American Skin begins as one thing, a drama about a father coping with the murder of his son by police, to a few different things of varying effectiveness. Parker delves into Lincoln’s backstory to find the raw materials of a searing drama about dealing with tragedy. A former Marine, Lincoln came home and took a crappy custodial job at a prestigious school just so his son could attend there. Kijani was a good kid with a bright future, but he’s a stubborn teen who thinks he has it all figured out. In a telling moment, Lincoln has to remind his son that, yes, they are people who deserve to be respected and the law says so. But as black men, the reality on the ground is that all of the laws and Supreme Court decisions in the world don’t matter when a cop pulls you over. Do. What. They. Tell. You. Get home alive.
Then the film starts to take a turn that, in the beginning, seems like it’s going to go nowhere. A college filmmaker named Jordin King (Shane Paul McGhie) arrives at Lincoln’s doorstep. He wants to make a documentary about Kijani’s death. So we have a movie about a movie being made about a police shooting. Ugh. But the point of this narrative swerve reveals itself soon after, when the film turns into an impromptu legal thriller.
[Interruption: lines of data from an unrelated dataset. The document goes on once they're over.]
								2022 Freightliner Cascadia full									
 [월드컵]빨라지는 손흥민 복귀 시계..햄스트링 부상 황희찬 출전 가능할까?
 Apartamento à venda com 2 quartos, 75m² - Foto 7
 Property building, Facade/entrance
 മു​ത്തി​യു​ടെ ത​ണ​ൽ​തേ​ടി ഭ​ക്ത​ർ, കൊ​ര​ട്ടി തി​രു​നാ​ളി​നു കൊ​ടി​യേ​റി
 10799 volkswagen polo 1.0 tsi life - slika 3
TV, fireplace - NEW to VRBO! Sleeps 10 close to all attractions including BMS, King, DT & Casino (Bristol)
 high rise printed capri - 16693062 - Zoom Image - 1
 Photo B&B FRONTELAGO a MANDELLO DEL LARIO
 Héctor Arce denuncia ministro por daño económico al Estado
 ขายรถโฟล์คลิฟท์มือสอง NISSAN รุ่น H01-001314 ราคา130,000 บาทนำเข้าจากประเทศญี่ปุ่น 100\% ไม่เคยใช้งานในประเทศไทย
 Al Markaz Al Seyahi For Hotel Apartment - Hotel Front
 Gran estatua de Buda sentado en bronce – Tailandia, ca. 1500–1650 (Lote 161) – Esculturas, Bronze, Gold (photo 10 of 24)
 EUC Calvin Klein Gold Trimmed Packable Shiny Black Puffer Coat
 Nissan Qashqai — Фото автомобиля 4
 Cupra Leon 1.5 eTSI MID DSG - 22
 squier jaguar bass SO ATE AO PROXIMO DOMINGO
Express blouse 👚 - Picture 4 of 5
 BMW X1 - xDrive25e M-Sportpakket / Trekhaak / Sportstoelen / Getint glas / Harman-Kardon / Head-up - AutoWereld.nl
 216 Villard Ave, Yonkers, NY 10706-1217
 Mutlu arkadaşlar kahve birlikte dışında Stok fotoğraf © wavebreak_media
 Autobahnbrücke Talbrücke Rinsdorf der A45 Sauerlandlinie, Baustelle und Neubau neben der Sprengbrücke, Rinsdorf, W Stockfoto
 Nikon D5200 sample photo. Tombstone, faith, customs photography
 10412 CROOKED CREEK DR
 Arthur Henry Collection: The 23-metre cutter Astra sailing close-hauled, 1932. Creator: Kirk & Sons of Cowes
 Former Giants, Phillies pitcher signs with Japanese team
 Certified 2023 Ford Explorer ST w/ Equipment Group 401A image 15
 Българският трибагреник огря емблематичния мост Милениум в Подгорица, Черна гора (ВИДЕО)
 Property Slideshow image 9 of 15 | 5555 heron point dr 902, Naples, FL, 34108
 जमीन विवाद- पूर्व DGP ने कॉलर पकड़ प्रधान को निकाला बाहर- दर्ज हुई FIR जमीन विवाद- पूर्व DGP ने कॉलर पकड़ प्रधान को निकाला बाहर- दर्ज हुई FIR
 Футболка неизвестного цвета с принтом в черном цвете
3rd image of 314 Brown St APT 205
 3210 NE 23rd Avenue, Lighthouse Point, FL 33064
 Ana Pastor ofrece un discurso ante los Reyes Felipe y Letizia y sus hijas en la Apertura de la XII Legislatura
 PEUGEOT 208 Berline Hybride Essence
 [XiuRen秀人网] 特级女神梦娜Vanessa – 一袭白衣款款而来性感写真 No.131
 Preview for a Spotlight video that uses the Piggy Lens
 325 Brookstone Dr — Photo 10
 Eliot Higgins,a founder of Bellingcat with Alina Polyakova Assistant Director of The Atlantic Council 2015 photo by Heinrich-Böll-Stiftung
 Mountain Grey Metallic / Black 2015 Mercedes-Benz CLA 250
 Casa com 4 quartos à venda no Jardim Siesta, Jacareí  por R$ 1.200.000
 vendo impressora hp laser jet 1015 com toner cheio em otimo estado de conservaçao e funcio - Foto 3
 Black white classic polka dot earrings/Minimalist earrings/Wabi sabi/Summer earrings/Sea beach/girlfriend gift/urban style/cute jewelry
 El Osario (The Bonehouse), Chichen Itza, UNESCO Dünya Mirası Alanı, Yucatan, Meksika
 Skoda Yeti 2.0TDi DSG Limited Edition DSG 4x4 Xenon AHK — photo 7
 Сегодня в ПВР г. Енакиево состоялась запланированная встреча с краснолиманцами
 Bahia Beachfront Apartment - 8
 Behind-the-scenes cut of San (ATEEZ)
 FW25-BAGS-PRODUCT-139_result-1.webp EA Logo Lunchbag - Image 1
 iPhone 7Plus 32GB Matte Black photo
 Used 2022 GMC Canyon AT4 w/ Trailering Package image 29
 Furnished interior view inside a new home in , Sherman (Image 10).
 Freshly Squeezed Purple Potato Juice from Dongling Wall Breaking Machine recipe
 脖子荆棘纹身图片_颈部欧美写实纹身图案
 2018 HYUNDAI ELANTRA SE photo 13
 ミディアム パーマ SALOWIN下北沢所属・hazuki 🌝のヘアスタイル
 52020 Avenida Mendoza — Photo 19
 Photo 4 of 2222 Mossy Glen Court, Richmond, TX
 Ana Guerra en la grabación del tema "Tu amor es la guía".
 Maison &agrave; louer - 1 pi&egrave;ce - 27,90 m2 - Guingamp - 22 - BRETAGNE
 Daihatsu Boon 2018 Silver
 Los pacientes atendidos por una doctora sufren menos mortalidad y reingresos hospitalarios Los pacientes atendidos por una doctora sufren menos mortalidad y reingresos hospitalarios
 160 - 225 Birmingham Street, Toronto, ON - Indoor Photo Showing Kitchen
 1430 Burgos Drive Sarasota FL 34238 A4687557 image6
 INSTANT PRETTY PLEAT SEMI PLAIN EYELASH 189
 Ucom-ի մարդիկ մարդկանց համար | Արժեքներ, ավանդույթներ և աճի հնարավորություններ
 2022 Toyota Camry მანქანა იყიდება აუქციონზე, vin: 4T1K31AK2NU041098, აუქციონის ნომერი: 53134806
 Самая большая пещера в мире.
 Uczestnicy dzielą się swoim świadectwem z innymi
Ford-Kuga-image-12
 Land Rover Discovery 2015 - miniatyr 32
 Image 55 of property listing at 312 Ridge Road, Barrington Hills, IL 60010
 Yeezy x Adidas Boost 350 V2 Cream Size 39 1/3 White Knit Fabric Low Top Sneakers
Lincoln, along with a group of his closest friends and family, take up arms against the police and take a number of them hostage. That includes officer Mike Randall (Beau Knapp), who shot Kijani and never had to face justice. Well, he’s about to face it now because Lincoln wants to hold a mock trial to judge Randall’s guilt or innocence.
American Skin very easily could’ve been a disaster, and at various turns I thought it would be. Parker takes some really big swings here, and the trial aspect is just one of them. The whole thing seems ludicrous; a hostage situation that turns into a court case presided over by Lincoln, a bunch of inmates released to be jurors, and attended by handcuffed and very angry cops. Meanwhile, Jordin is there to film the entire thing as part of Lincoln’s master scheme.
Surprisingly, the trial turns out to be incredibly effective and the lynchpin of the entire movie. Parker doesn’t make it easy, either. It would have been simple to pain everyone in that room in black and white terms: the cops are evil and in the wrong, while their victims are purely innocent. Instead, Parker gives the police a voice as well, to express their fears, concerns, and yes, even their biases. In short, they seem like real police officers. Some of the conversations come across as preachy, and there’s a sudden admission that comes out of nowhere like it’s the final minute of an episode of Law & Order, but for the most part Parker provides a real-sounding discussion between groups that typically speak past one another.
American Skin is meant to push buttons; it is meant to be over-the-top because going big is how you get attention for important issues. It is as much a societal fairy tale as Mr. Smith Goes to Washington or Falling Down. Not saying it is even remotely in the quality ballpark as those films but Parker wants to affect change using the best tool at his disposal to do it. That’s an admirable thing and American Skin a worthy effort. Let’s just hope those who have written Parker off give it a chance.